SOURCE DATA:
···
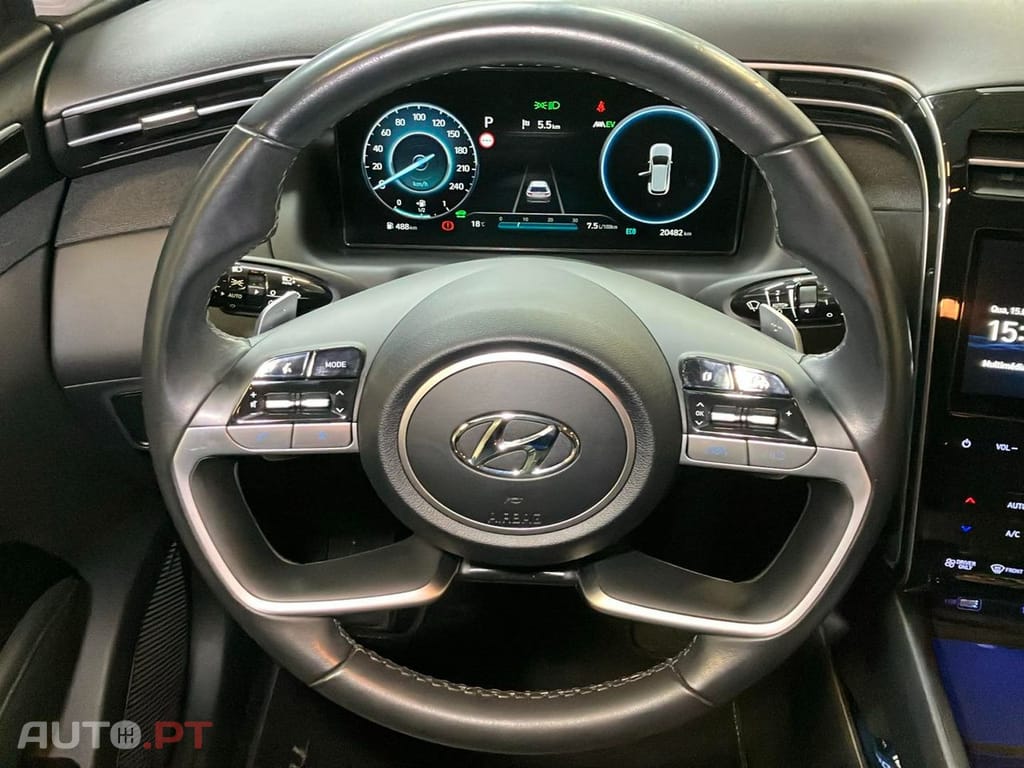 Hyundai Tucson 1.6 T-GDI HEV Vanguard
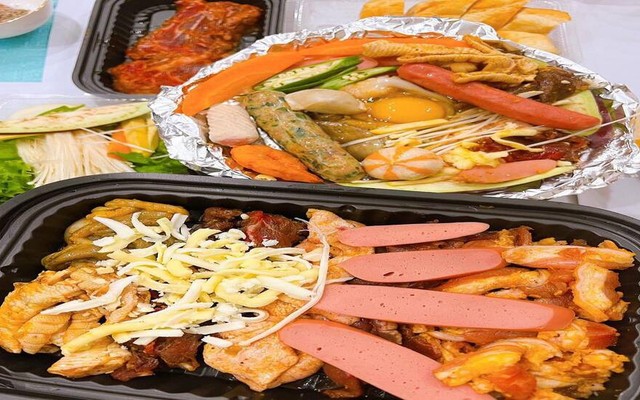 Mlem Mlem - Buffet Nầm Bò Nướng - 143 Quan Hoa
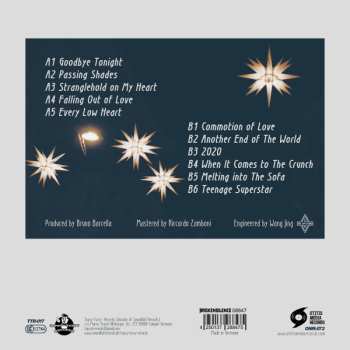 LP The Sino Hearts: Lightening The Darkness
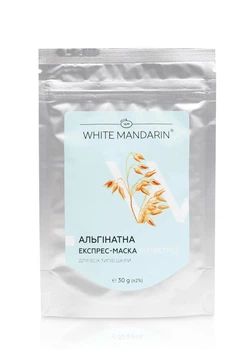 Альгинатная экспресс-маска 30 г White mandarin/Choice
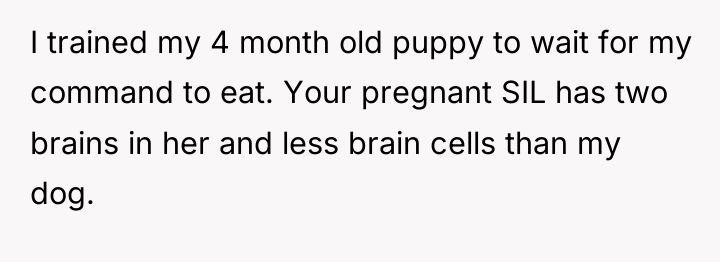 I trained my 4 month old puppy to wait for...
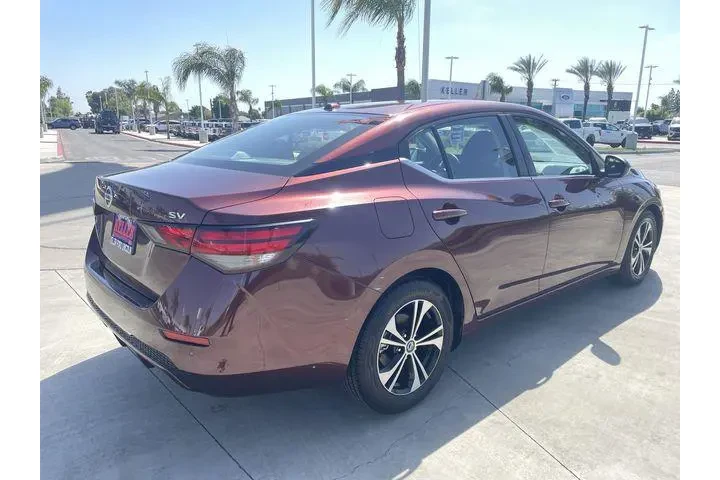 $19455 : Nissan Sentra 2023 SV 4dr Se image 8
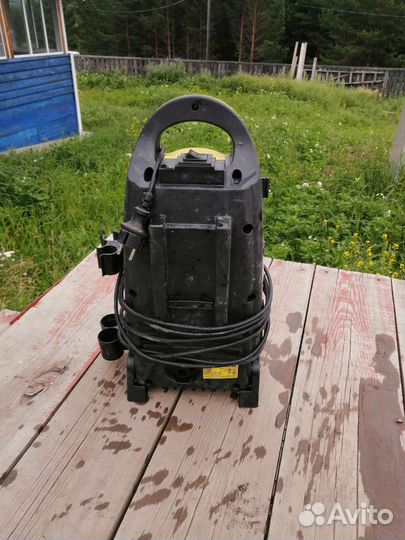 Мойка высокого давления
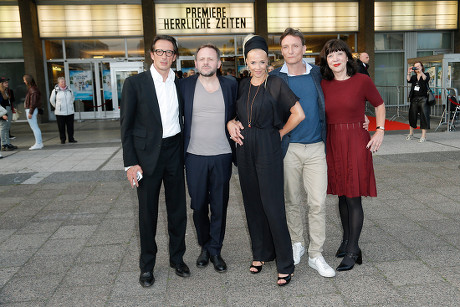 Herrliche Zeiten premiere, Berlin, Germany - 23 Apr 2018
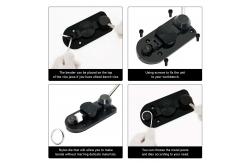 China Multi Functional round Jewelry Ring Bender With Nylon Dies supplier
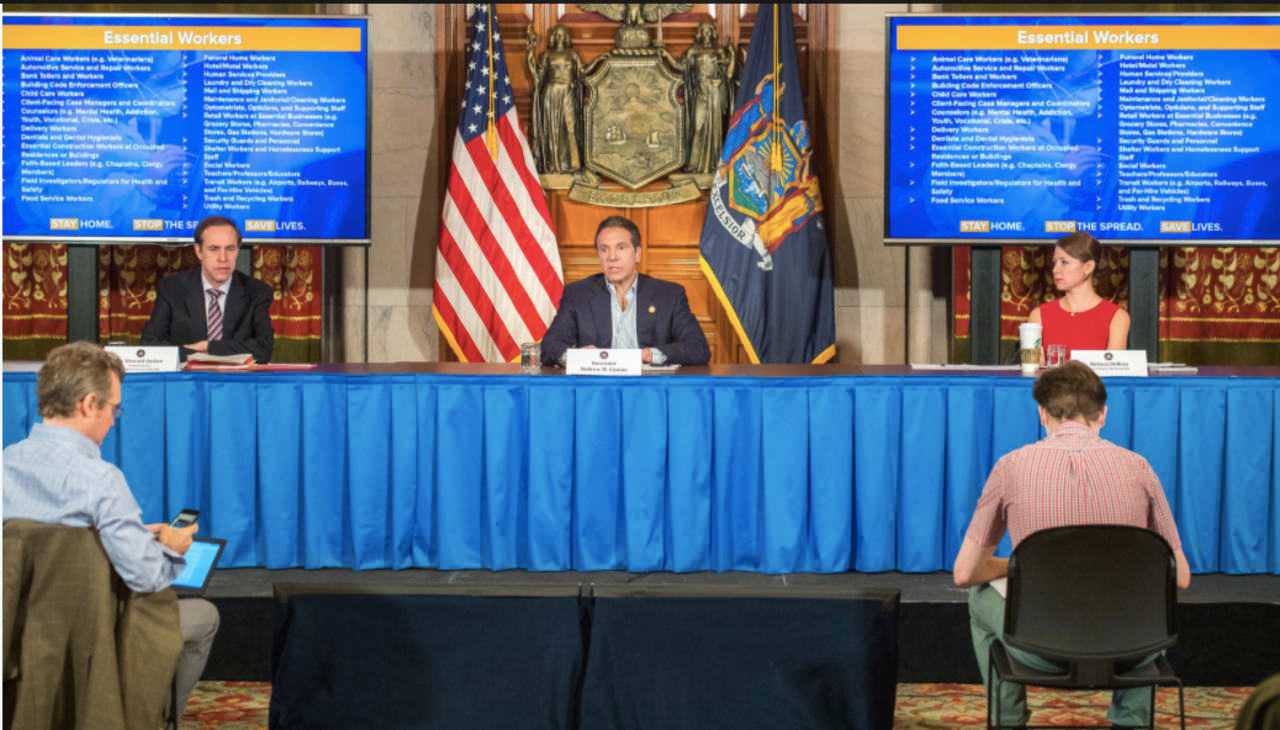 NY State Trooper Sues Cuomo, Top Aide Melissa DeRosa Over Sexual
···
EXERCISE DESCRIPTION: The response should repeat each record precisely and contain no pictures.

YOUR RESPONSE:
 Hyundai Tucson 1.6 T-GDI HEV Vanguard
 Mlem Mlem - Buffet Nầm Bò Nướng - 143 Quan Hoa
 LP The Sino Hearts: Lightening The Darkness
 Альгинатная экспресс-маска 30 г White mandarin/Choice
 I trained my 4 month old puppy to wait for...
 $19455 : Nissan Sentra 2023 SV 4dr Se image 8
 Мойка высокого давления
 Herrliche Zeiten premiere, Berlin, Germany - 23 Apr 2018
 China Multi Functional round Jewelry Ring Bender With Nylon Dies supplier
 NY State Trooper Sues Cuomo, Top Aide Melissa DeRosa Over Sexual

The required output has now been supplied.